When you say "overheating issues", what do you mean exactly? IME, at 100% CPU usage with the heatsink on, either it does not throttle down the clock anymore at all, or it does it after a much longer time and the clock reduction is much less.

Are you seeing anything happen, other than some slight throttling?

The chip cannot fry itself. It's designed to slow down so as to stay below the dangerous temperature range.

> Happy to chat more about your experiences daemonize-ing TF applications!

Eh, that was just a fancy way of saying I do what you do. Launch the program once, and let it run forever. It performs initialization (which takes a long time), then it drops into a processing loop: wait for input / read / process / do something / repeat. Pretty basic stuff really.

teekert · on Feb 9, 2017

"Just put a heatsink on the CPU."

Ever had any problems without it?

kldavis4 · on Feb 9, 2017

The cpu throttles when it gets too hot. Won't cause damage to not have it, but will slow it down.

Florin_Andrei · on Feb 9, 2017

Right, that chip could never run at 100% CPU load for more than a fraction of a minute; after that it starts slowing the clock. Seems to me like it was meant to run with a heatsink on.

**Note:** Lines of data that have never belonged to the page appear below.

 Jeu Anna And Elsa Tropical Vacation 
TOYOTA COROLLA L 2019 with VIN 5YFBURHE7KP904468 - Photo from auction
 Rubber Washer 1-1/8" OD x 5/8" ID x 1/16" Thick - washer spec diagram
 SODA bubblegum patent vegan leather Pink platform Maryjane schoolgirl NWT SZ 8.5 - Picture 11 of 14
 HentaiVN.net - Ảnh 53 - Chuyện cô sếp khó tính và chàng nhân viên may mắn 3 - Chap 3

Either that or it was meant for outdoors operation in arctic regions.

annnnd · on Feb 9, 2017

Nice! Does anyone know, is it possible to train such models on RPi (probably not) or similar sized computer?

EDIT: I guess the question should be: is there a RPi-like sized machine available which is more suitable for training ANN?

adrianN · on Feb 9, 2017

How long are you willing to wait?

deepnotderp · on Feb 9, 2017

Baidu estimates a deep net takes ~20 ExaFLOPs to train on imagenet. The RPi GPU has like 100GFLOPs....

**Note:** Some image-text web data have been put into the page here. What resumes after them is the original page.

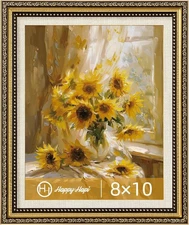 HappyHapi 8x10 Picture Frame Gold, Vintage 8 x 10, vintage gold 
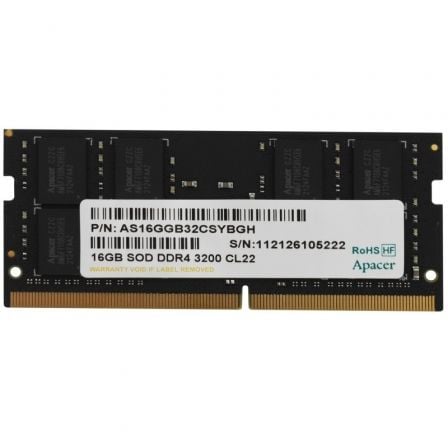 Memoria RAM Apacer ES.16G21.GSH 16GB/ DDR4/ 3200MHz/ 1.2V/ CL22/ SODIMM - Tiensol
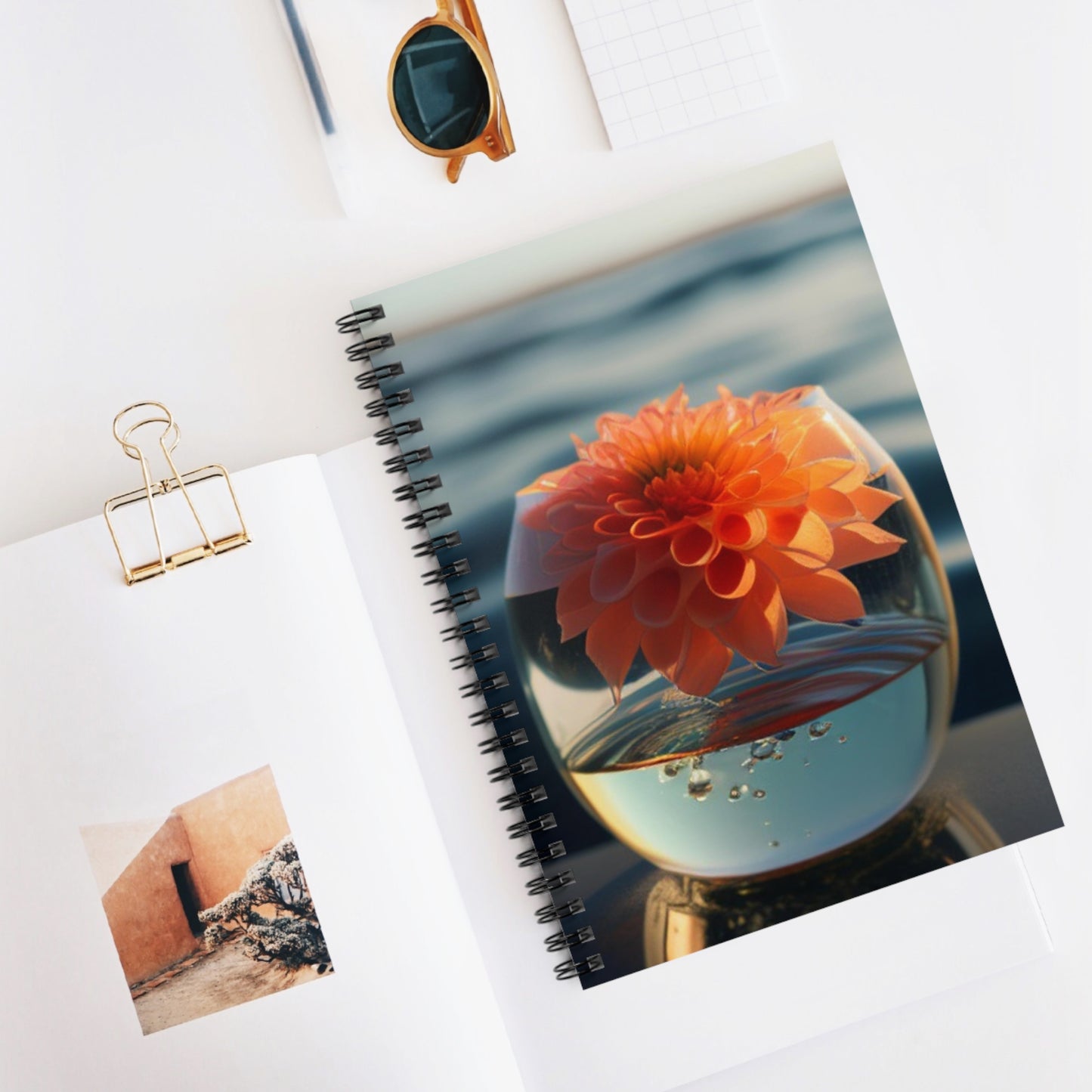 Spiral Notebook - Ruled Line Dahlia Orange 2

mrubashkin · on Feb 9, 2017

Hi annnd! We tried a few times to train a scaled down model on the Pi3, but got nowhere. We've found that the best strategy is to train on the beefiest hardware you have, then transfer the model and run it on the Pi3 for streaming applications.

delta1 · on Feb 9, 2017

It may be possible but take far too long?

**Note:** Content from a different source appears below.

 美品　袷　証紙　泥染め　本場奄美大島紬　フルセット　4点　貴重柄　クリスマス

donquichotte · on Feb 9, 2017

I love how he used trains for training data.

nojvek · on Feb 9, 2017

I'm under the impression that when pi4 will be released it will have a powerful gpu to run neural nets. Now that tf is getting optimised for low end devices and models are getting open sourced, it would be possible to run live offline image recognition and speech recognition on pi.

I imagine a proliferation of robots, security cameras and smart open source siri/alexas

gjem97 · on Feb 9, 2017

A bit off topic, but related: can anyone point me to a recipe for "low-latency" video with the RPi. I don't even really mean "low-latency", I had tried a couple of different setups/tools a few months ago, and the best I could do was a half or full second delay on the video.

mrubashkin · on Feb 9, 2017

My colleagues and myself have a blog post discussing how to do streaming video analysis on the Raspberry Pi: https://svds.com/streaming-video-analysis-python/

On the Pi3, our application processes 320X240 images at 10 FPS without any problems.

Let me know if you have any questions!

sdenton4 · on Feb 9, 2017

Wonder if they'll make a tpu extension board for the pi...

EternalData · on Feb 9, 2017

Using TensorFlow with Raspberry Pis is something I've always wanted to try. Time to classify whether I get Thai food or pizza delivered more.